I have been trying for weeks to get a short post done to give my experience of using social media. The purpose of me looking at social media was for information gathering, promotion of my business and to learn how people around the world are using plants. I hoped also to generally understand trends and broaden my knowlege of day to day horticulture in other countries. This at least was my original motivation. So here is my post its not professionally written , its just my ramblings and in no way meant to be a tutorial so feel free to tell me where I am wrong please.
Gone are the days when the phone is your fastest and only sales tool.

Background

Over the last ten years I have worked to develop our business from predominantly a Ireland UK sales based business to now selling our plants in 18 countries.
During these years I have been developing selecting and breeding some great plants to bring into our nursery business. In addition to these plants I am lucky enough to have some fantastic friends and colleagues in the industry around the world. Having great plants growing them well bulding all the resources we have built in the business has taken a lot of stress time energy and cost. As we all know working ones butt off doing ones best and what one feels is the right thing doesnt always feel good while observing the mayhem and ridiculous behavoir of established wiseguys and so called establishment over the last number of years. All of us in the horticulture world who try to make a living from it must compete with these pretty slick industries selling profitible non perisable products giving sometimes short lived instant but obvious gratification. Of course ours is not the only industry producing great products and not all products with very big marketing budgets are bad. So we have serious competiton for that dollar or euro. Year by year over the decades the bar has risen higher and its become more difficult for small businesses to access publicity and advertizing as good advertizing became more and more expensive.
So how on earth is some guy in the middle of nowhere Ireland going to tell people about these great plants. Now that we have done all the work getting them into production and physically out to far flung places such as Fresno and Watsonville California Angers in France various places in UK Germany Holland Japan Australia etc to be produced locally. Well the short answer is that we just had to hope it happened that people liked the plants and found out about them thorough some of the great people we deal with. Like our nursery these nurseries have to grow lots of varieties these days to stay in business and provide variety for the customer. Its not fair to expect our customers to be thinking of our plants every day. Advertizing isnt a possibility we simply right now dont have the budget for this but its chicken and egg, if we dont make the sales we will never have the budget. We have already spent money in our established markets on advertizing but no way can we do it in countries where we have no sales already as our industry does not give us that much profit that quickly and plants for some reason are not valued for longevity. Ahem maybe a pay by view system? In additon to these issues how do we know we are offereing what people in these countries like or want without a big budget to do market surveys using professional firms. For a small business like ours we just have to do our trade shows, try to put budgets aside for advertizing and hope for the best. In 2008 I travelled from San Diego to Bellingham Washington doing 2008 Pack trials on the way. I learned a lot but I didnt meet any of the retailers, landscape designers or got to chew over what they like or dislike with the very people who might use my plants. Well I guess this is why big companies get bigger and small companies take a lot of time unless they get some lucky breaks noting wrong with that we just got to work harder at it.

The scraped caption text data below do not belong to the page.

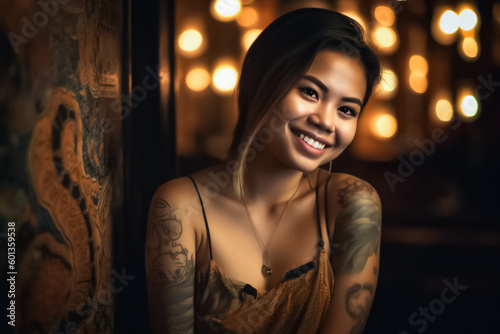 A tattoo Asian model with intricate Dayak inspired body art poses in front of a dark background, evoking a sense of tribal mystery and allure. generative AI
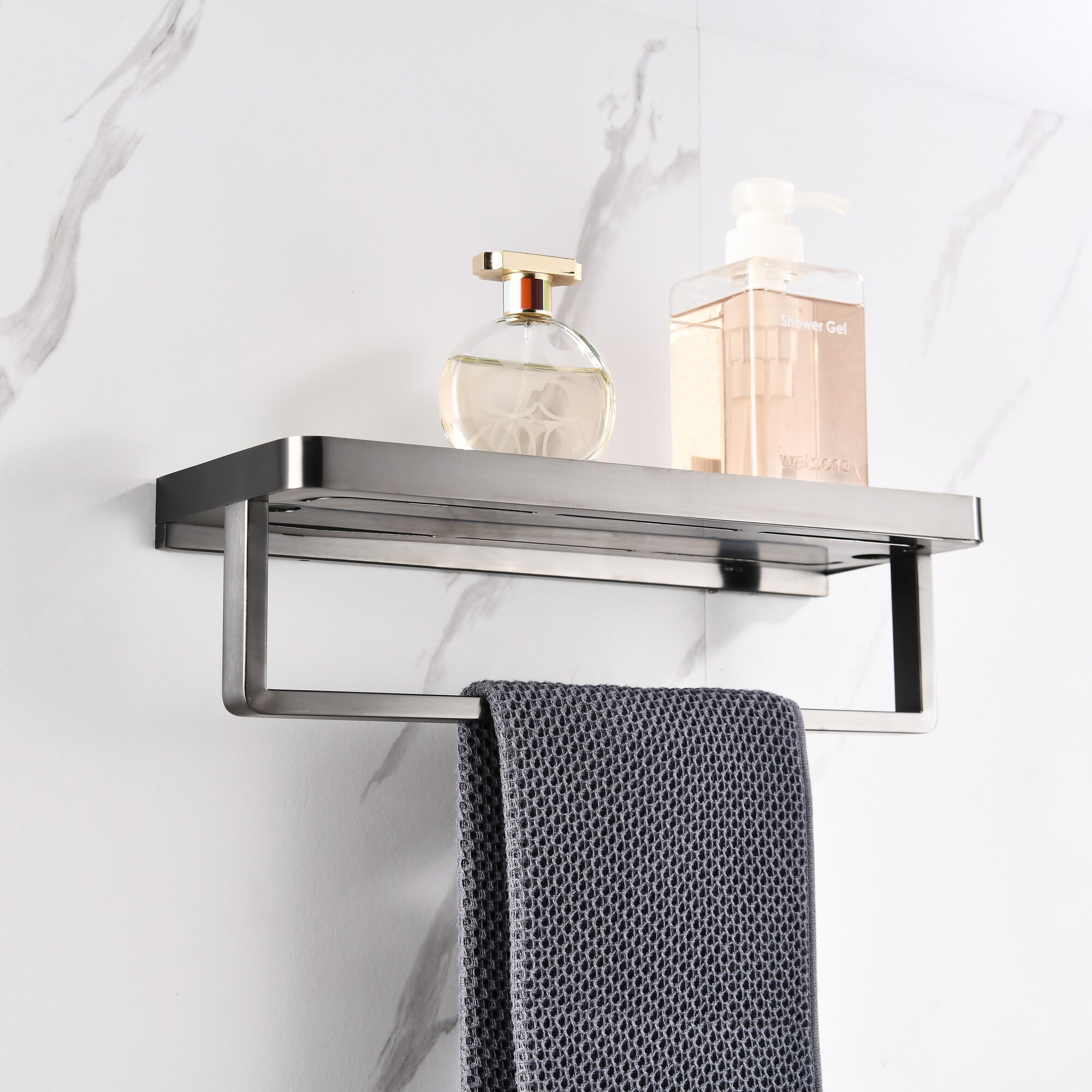 Lexora Bagno Bianca Stainless Steel Black Glass Shelf w/ Toilet Paper Holder - Gun Metal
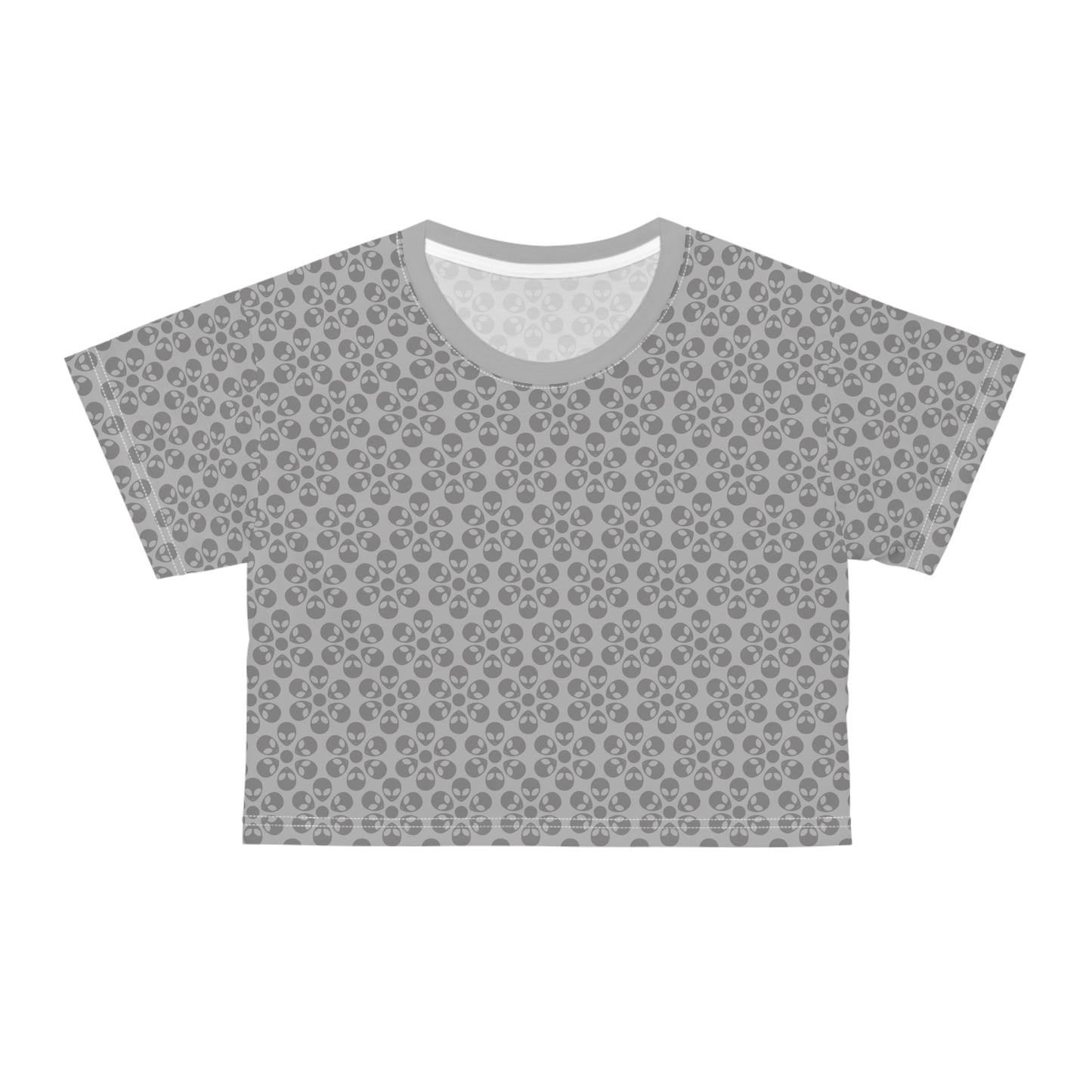 Feminine Floral Crop Tee Trendy Summer Top Aesthetic Graphic Shirt Casual Outfit Unique Gift for Her Vintage Style Tee Alien Flowers Light Grey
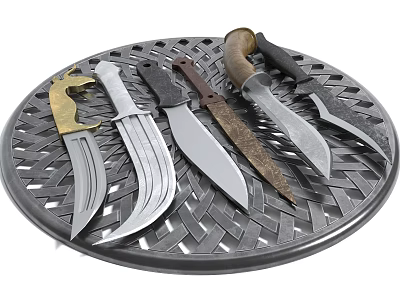 Assorted Knives With Various Handles On Circular Metal Perforated Woven Tray 3d model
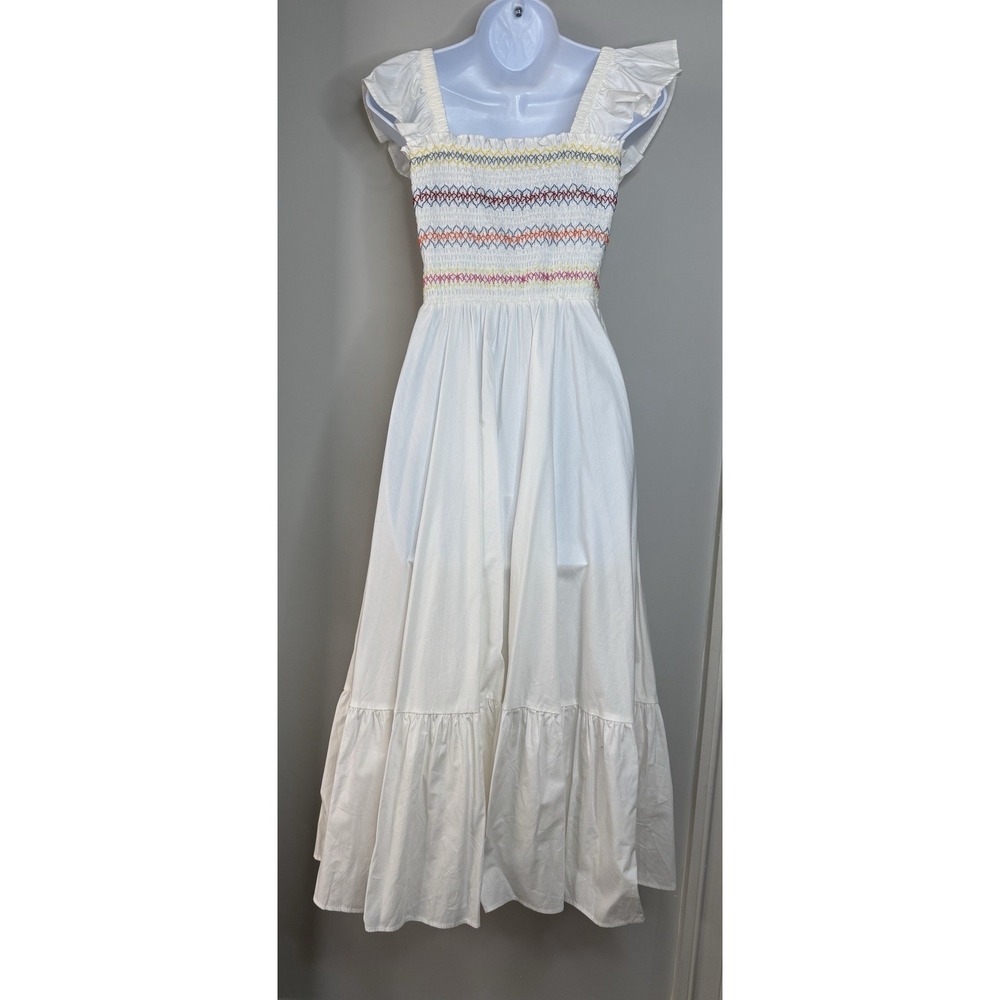 White Smocked Milkmaid Dress Sz S Cottagecore Puff Sleeve Rainbow Stitch Maxi - Picture 3 of 9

While reading the Sunday Business Post newspaper in January 2009 I saw an article about Social media. It described Twitter, Facebook, blogging and a few other platforms. I logged online took a look and reckoned yep it's for people with plenty of time on their hands who like to talk about what they ate for breakfast and liked to say 'yay' a lot. However being a nosey git I still signed up for Twitter account 'cos its free' I cant remember exact date but around the end of January 2009. Over the following weeks and months I checked in on it regularly looked at what was going on used it to post up pictures after a while. The main thing was information and seeing what others were doing. I found Facebook and did the same, started a blog connected them all together as its very simple and no course needed but in hindsight a course probably would have saved a lot of time. I already had http://www.fitzgerald-nurseries.com/ and our brand website http://www.myplant.ie/ so at least there was some window people could look into to see what we do.
I have to say without intent to portray it as a virtue, Horticulture is more than a business to me, to put it simply, I like what I do when I am working and that is not nescessarily a virtue. This is an important point when interacting with people in horticulture as I believe most other people in the horticulture business are the same. Myself my wife Noirin and all our nursery and laboratory staff do really good work and thats what I tweet about and put up on Facebook. Its real its honest and its good so why hide it and its not as if millions are interested anyway but some like what we do and like our plants. As owner of the business I have responsiblility to the 35 staff we have and if I dont promote our plants every day then who will! So it was not so much a optional choice but a responsibility to use this medium where the alternatives were not an option.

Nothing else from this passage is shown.